Formisimo has now moved out of theEword’s Trafford Park operation to a dedicated new operation at Salford Quays, and the plan is to increase the headcount to around 15 in due course.
Tom Glass left in June 2013 to go travelling but he kept his shares and Mackin felt that with two of his major shareholders no longer in the business full-time, he needed to make sure decision-making remained quick and decisive. So he initiated the conversation with Slattery, which led to Mackin buying back the outstanding 15% equity stake.
As to the future, Mackin says they are now consistently recording record revenues but he discounts a sale of the agency. “I don’t see anything imminent. It’s hard. Right now everyone is very happy in the business and it’s growing, but there is nothing set in stone.
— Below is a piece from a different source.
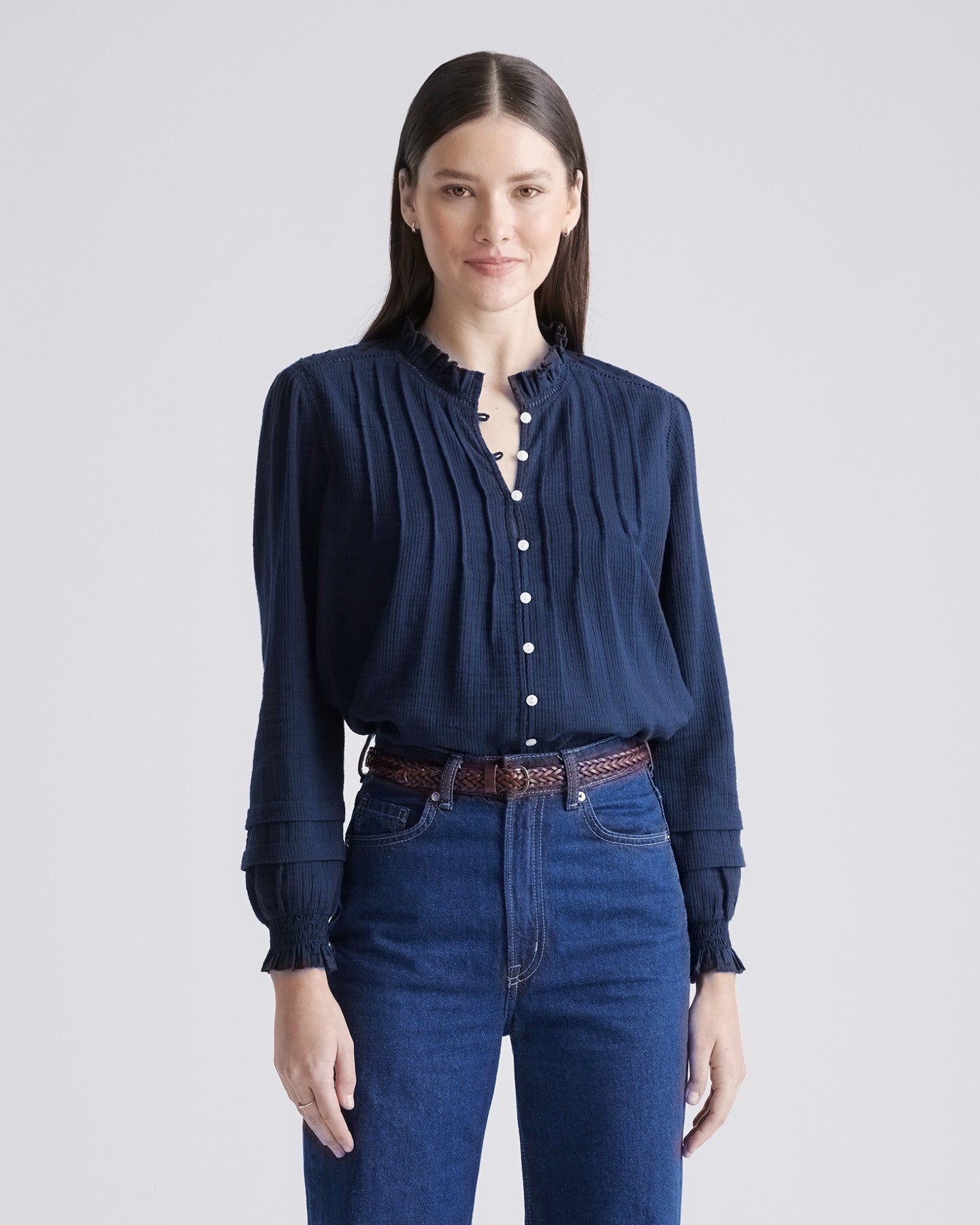 Organic Textured Cotton Peasant Blouse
“The key to our success has been to get the right fit of people at every level throughout the business. Looking at the board composition, it helps to have people who challenge you, but in the longer term they also need to be in tune with you rather than against you.
“There are several people who I owe a lot to including Phil Jones at Brother, Gary Oakes and Stephen Bloomfield. They’ve helped advise and guide me through challenging times.
“Cultural and personal differences always come into play – you can’t help that. But as long as they’re in tune with you, ultimately it will work through. My dad always told me to get on and do it if I really wanted to do it, and that’s something I’ve always followed. I don’t mope around but I simply get on with it, and if we really want something we go for it – and usually we succeed.”